Dedenborn. Es duftet nach Zimt und frisch gebackenen Plätzchen, der Schnee taucht die Eifel in ein romantisches Weiß und die Weihnachtsbaumbeleuchtung verrät, dass das besinnlichste aller Feste kurz bevor steht. Mit „Kaaarnevaaaaal!” wird die idyllische Stille in einem Haus in Dedenborn jedoch regelmäßig unterbrochen.

Denn Weihnachtszeit bedeutet für Peter und Daniel Schmitz alias Pitt und Pitterchen Vorbereitungszeit auf die nächste Session.

Wenn Vater Ingo Schmitz, der sich die Büttenreden für seine beiden Söhne das ganze Jahr über ausdenkt, ruft, versammeln sich die drei im weihnachtlich dekorierten Wohnzimmer und üben ihre neue Büttenrede. Und in diesem Jahr üben der 13-jährige Daniel und der 17-jährige Peter besonders viel, denn aufgrund ihres Alters haben sie die Thematik und das Konzept ihrer Auftritte verändert.

„Die Pappgitarren werden durch eine echte Trompete ersetzt, die auch zum Einsatz kommt, und die Thematik ändert sich von den bisher eher kindlichen Themen zu Fragen, wie: Was passiert, wenn Mädchen aus der Stadt auf Jungens auf dem Land treffen?”, erklärt Vater Ingo, der selbst früher „in de Bütt” gegangen ist.

Seit zehn Jahren spielt Peter bereits Trompete. Ebenso lange steht das Duo nächstes Jahr auf der Bühne. Damals traten die beiden zum ersten Mal auf einem Seniorennachmittag in Dedenborn auf, ab 2005 hatten sie die ersten Auftritte außerhalb ihres Heimatortes und noch ein Jahr später nahmen erstmals Nachwuchswettbewerb „Jugend in die Bütt” des ehemaligen Kreises Aachen teil.

Diesen Wettbewerb, der vom damaligen Landrat Carl Meulenberg ins Leben gerufen wurde, gewannen sie drei Jahre hintereinander, wodurch sie auch über die Grenzen der Region hinaus bekannt und gebucht wurden.

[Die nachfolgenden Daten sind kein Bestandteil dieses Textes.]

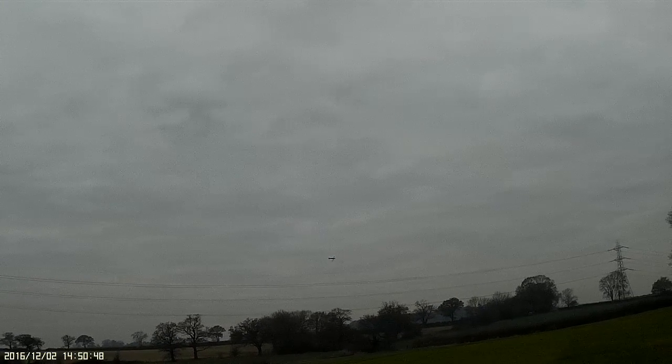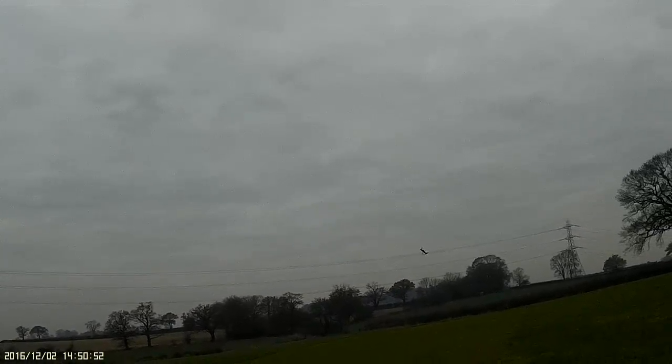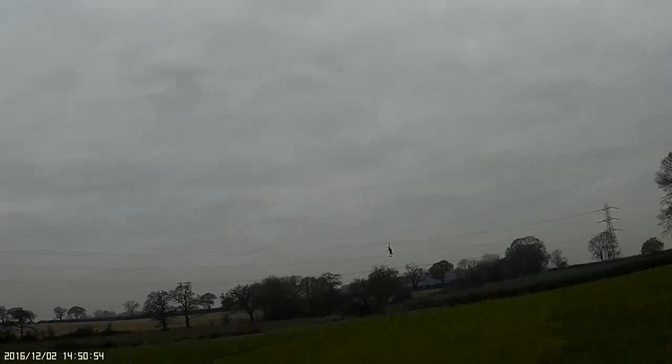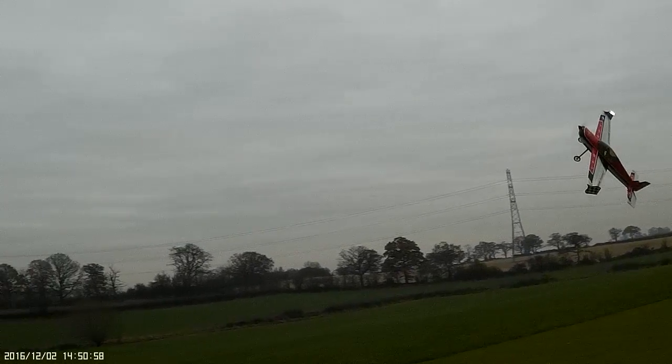55.3 amps, 13.3 volts. 13.5 volts, 55.2 amps, 12.6 volts.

In diesem Jahr nehmen sie erstmals nicht am Wettbewerb teil, weil das Format für die Jugendlichen nicht mehr passt. „Es ist immer ein Wechselbad der Gefühle, ob das, was sie gerade machen, auch beim Publikum ankommt”, beschreibt Ingo Schmitz die Situation und während den Auftritten. „Wir hatten schon Abende, an denen wir vier Auftritte hintereinander hatten und jedes Mal haben die Leute anders reagiert”, bestätigen auch Daniel und Peter, die ab und zu auch ihre eigenen Vorschläge mit in die vom Vater vorbereiteten Reden einbringen.

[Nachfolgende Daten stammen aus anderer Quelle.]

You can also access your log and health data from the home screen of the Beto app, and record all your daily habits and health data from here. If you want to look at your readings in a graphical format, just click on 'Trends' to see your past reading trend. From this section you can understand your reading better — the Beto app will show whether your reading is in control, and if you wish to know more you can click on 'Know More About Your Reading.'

„Wenn man nicht ankommt, dann macht es auch keinen Spaß”, erklärt Daniel weiter. „Aber wenn die Leute brüllen vor Lachen, dann haben wir unser Ziel erreicht und können auch stolz auf uns sein.”

Mutter Marlene, die eigentlich eher kein Karnevalsjeck ist, macht es nichts aus, wenn ihre drei Männer in der Weihnachtszeit neben dem Tannenbaum sitzen und ihre Büttenreden einstudieren, denn, so sagt sie, „ich fahre immer mit, auch wenn sie Auftritte in Gangelt, Baesweiler oder in Aachen haben, weil es einfach interessant ist und man immer wieder neue Dinge kennenlernt.”

Neue Dinge werden auch die Fans von Pitt und Pitterchen ab dem nächsten Jahr kennenlernen, denn für sie bricht mit dem Jugendalter auch eine neue Büttenredner-Ära an.